Par cette requête, enregistrée le 22 juillet 2025, Mme B... A... demande au tribunal d’enjoindre au préfet de la Seine-Saint-Denis de lui attribuer un logement répondant à ses besoins et capacités.
Vu les autres pièces du dossier.
Vu :
- le code de la construction et de l’habitation ;
- le code de justice administrative.
Considérant ce qui suit :
1. Aux termes du 4° de l’article R. 222-1 du code de justice administrative, les présidents des tribunaux administratifs peuvent, par ordonnance, « rejeter les requêtes manifestement irrecevables, lorsque la juridiction n'est pas tenue d'inviter leur auteur à les régulariser (…) ». Cette procédure ne nécessite ni instruction contradictoire préalable, ni convocation d’une audience.
2. Aux termes de l’article R. 441-15 du code de la construction et de l’habitation : « Lorsqu'elle est saisie au titre du II de l'article L. 441-2-3, la commission de médiation rend sa décision dans un délai de trois mois à compter de la réception de la demande (…) ».
3. Mme A... a déposé auprès de la commission de médiation du droit au logement opposable de la Seine-Saint-Denis un recours, enregistré le 12 mai 2025, en vue d’une offre de logement. L’accusé de réception l’informait que son dossier était incomplet et l’invitait à fournir les pièces manquantes avant le 5 juillet 2025. Cet accusé de réception l’informait également que la commission dispose d’un délai de trois mois, qui commencera à courir à compter du 5 juillet 2025 au plus tard, pour prendre une décision. Or, la requête de Mme A... a été enregistrée le 22 juillet 2025, avant l’expiration du délai de trois mois dont dispose la commission de médiation pour se prononcer sur sa demande. Elle est donc prématurée.

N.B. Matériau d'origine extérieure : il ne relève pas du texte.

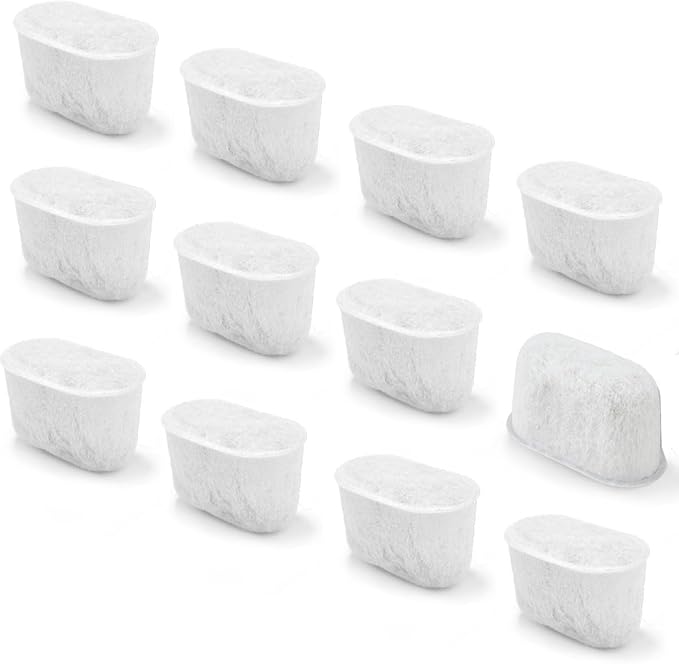 NKA UNIV1CFLTR6PK Coffee Maker Water Filter Replacement For GE Café Drip Coffee Maker, Compatible with UNIV1CFLTR6PK, for Models G7CDABSSTSS, G7CDAASSTSS, C7CDAAS3PD3, C7CDAAS4PW3,12-Pack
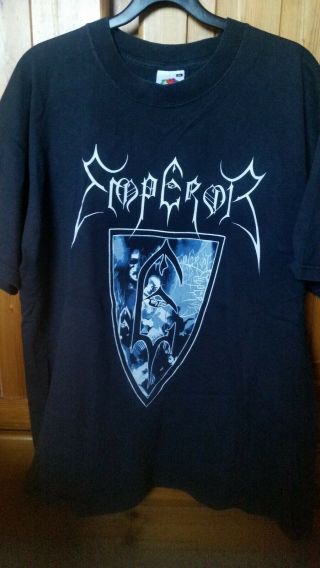 Emperor - Emperial Live Ceremony Xl T - Shirt Satyricon Immortal Black Metal Mayhem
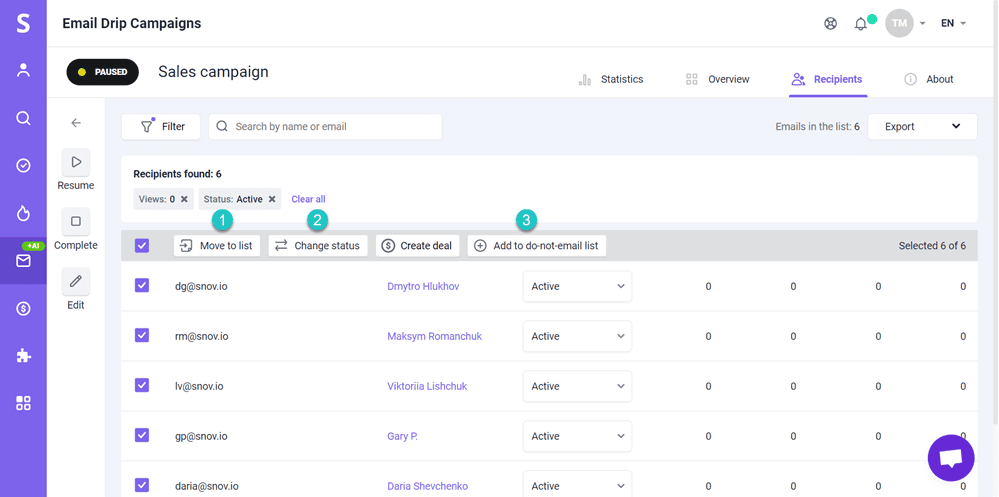 Snov.io使用详细教程 - 如何处理无法验证的(黄色状态)电子邮箱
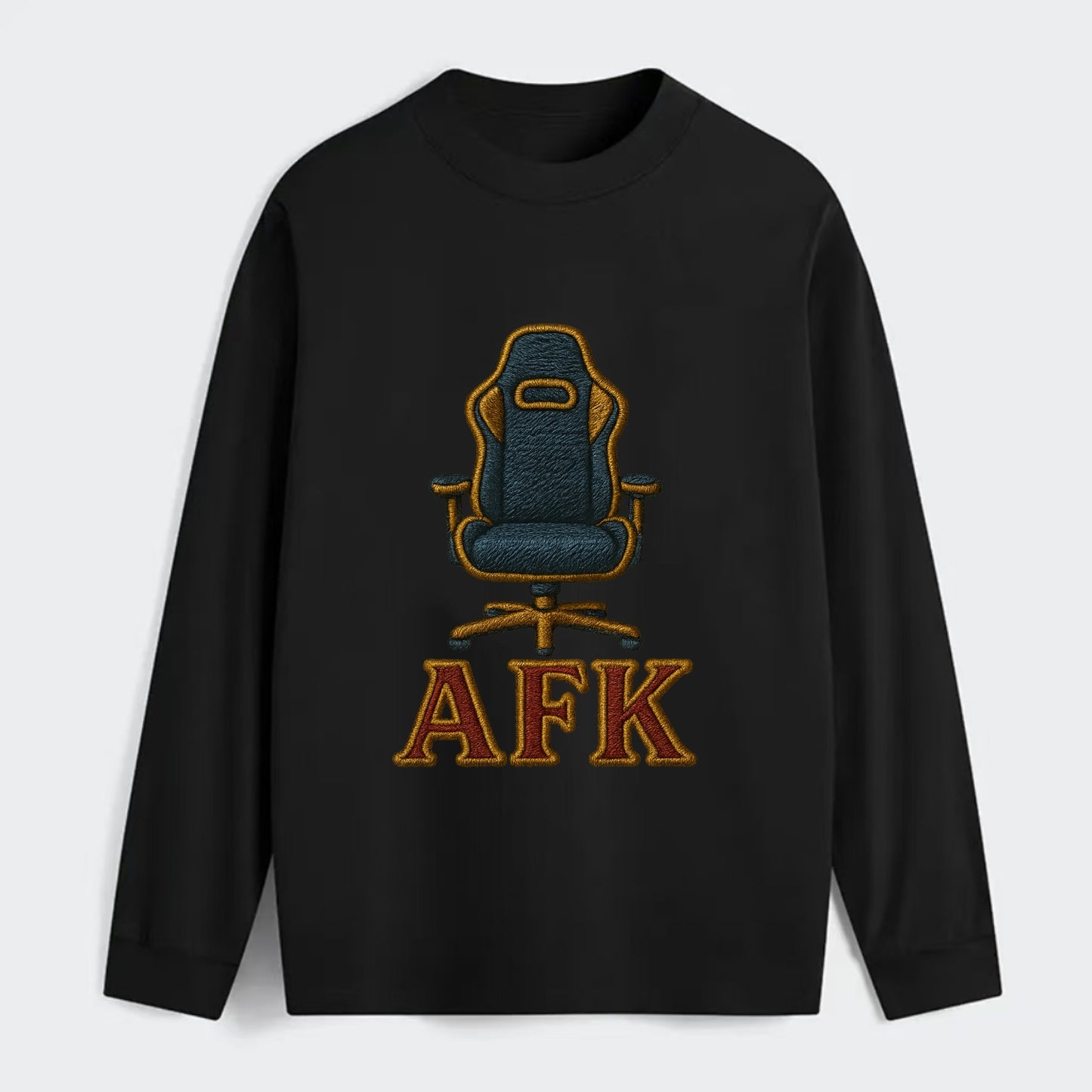 AFK   - Classic Long Sleeve Shirt - Black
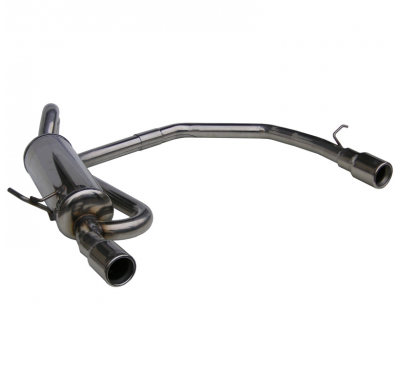 Silenciador trasero deportivo  duplex 1X102 RENAULT CLIO 2 RS 2.0 fase1 (172CV) 2000-2001 Ø 54 CON Homologacion Europea Inoxcar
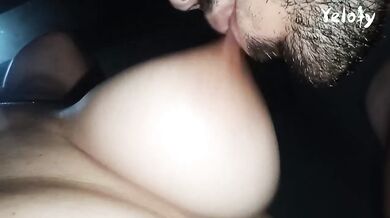 Addicted to sucking her huge natural nipples while she moans in ecstasy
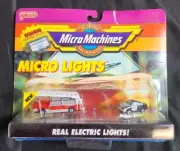 Vtg Micro Machines Micro Lights #7 Collection Fire Truck , Taurus Police Cruiser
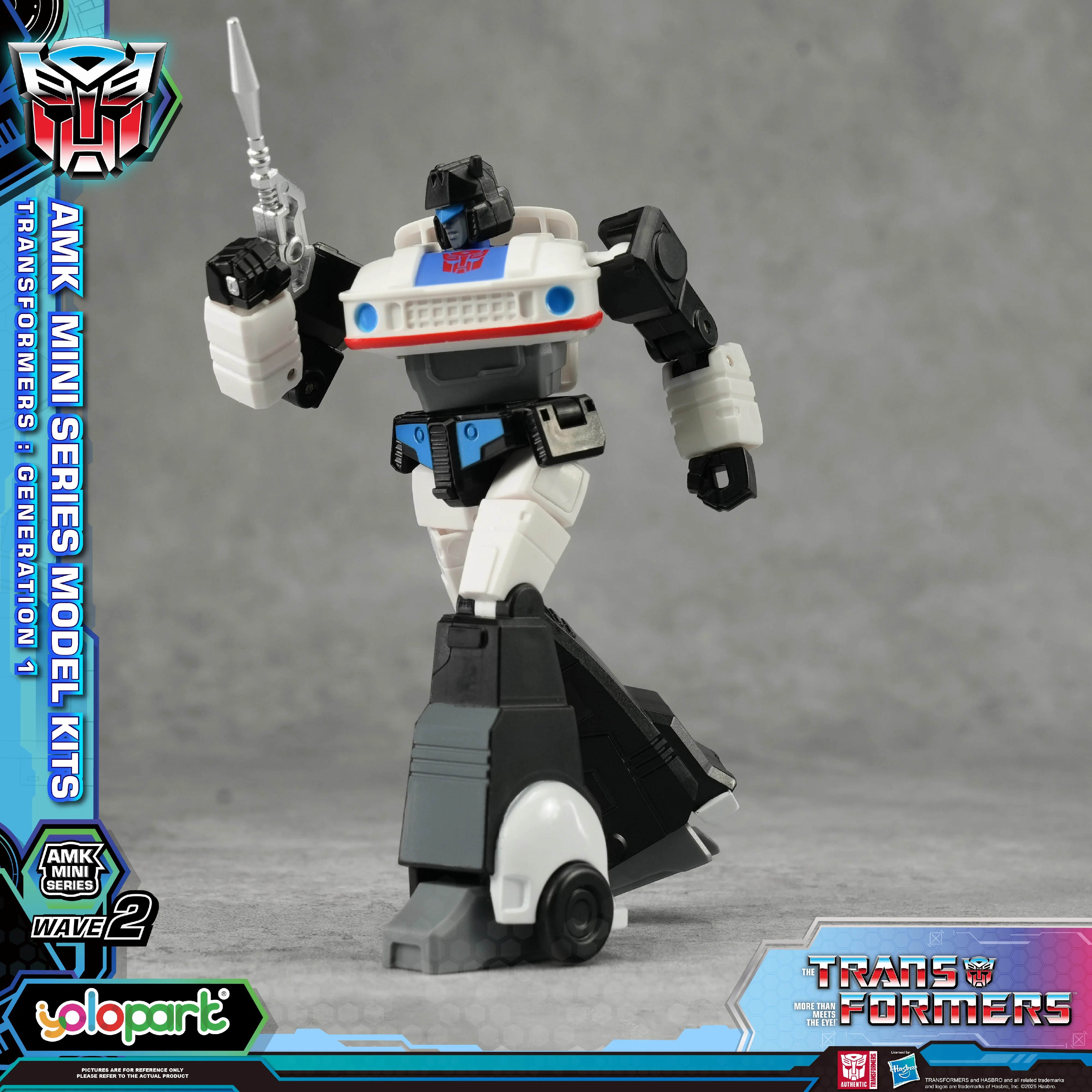 YOLOPARK TRANSFORMERS GENERATION ONE: AMK MINI Series Model Hound Jazz Prowl Cliffjumper Rodimus Prime Arcee Gift Toy view 3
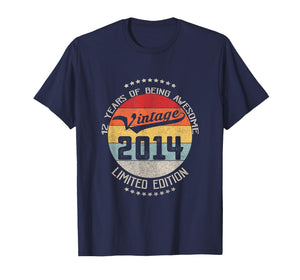 12th Birthday Gift Vintage Being Awesome 2014 12 Years Old T-Shirt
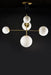 Myhouse Lighting Maxim - 26037SWSBRBK - Five Light pendant - Vesper - Satin Brass / Black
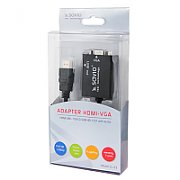 Savio CL-23 video cable adapter VGA (D-Sub) HDMI Type A (Standard) Black_2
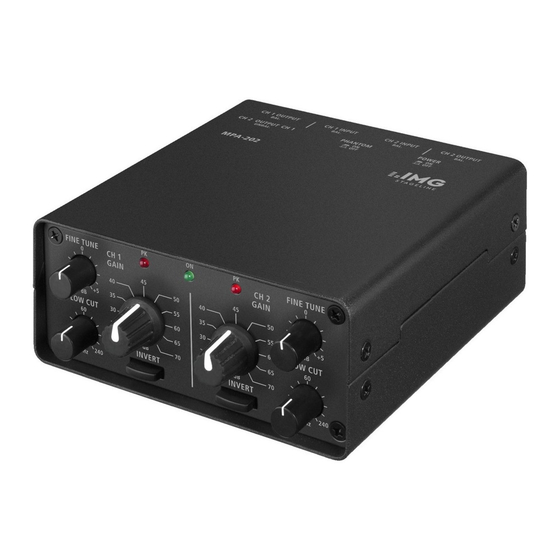 IMG STAGE LINE MPA-202 Instruction Manual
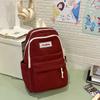 School bag high value Korean version of the college style junior high school student school bag casual lightweight backpack large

Par suite, la requête de Mme A... doit dès lors être rejetée comme irrecevable en application des dispositions précitées du 4° de l’article R.222-1 du code de justice administrative
O R D O N N E :
Article 1er : La requête de Mme A... est rejetée.
Article 2 : La présente ordonnance sera notifiée à Mme B... A....
Fait à Montreuil, le 23 décembre 2025.
La présidente du tribunal,
I. Dely
La République mande et ordonne au ministre de la ville et du logement en ce qui le concerne ou à tous commissaires de justice à ce requis en ce qui concerne les voies de droit commun contre les parties privées, de pourvoir à l'exécution de la présente décision.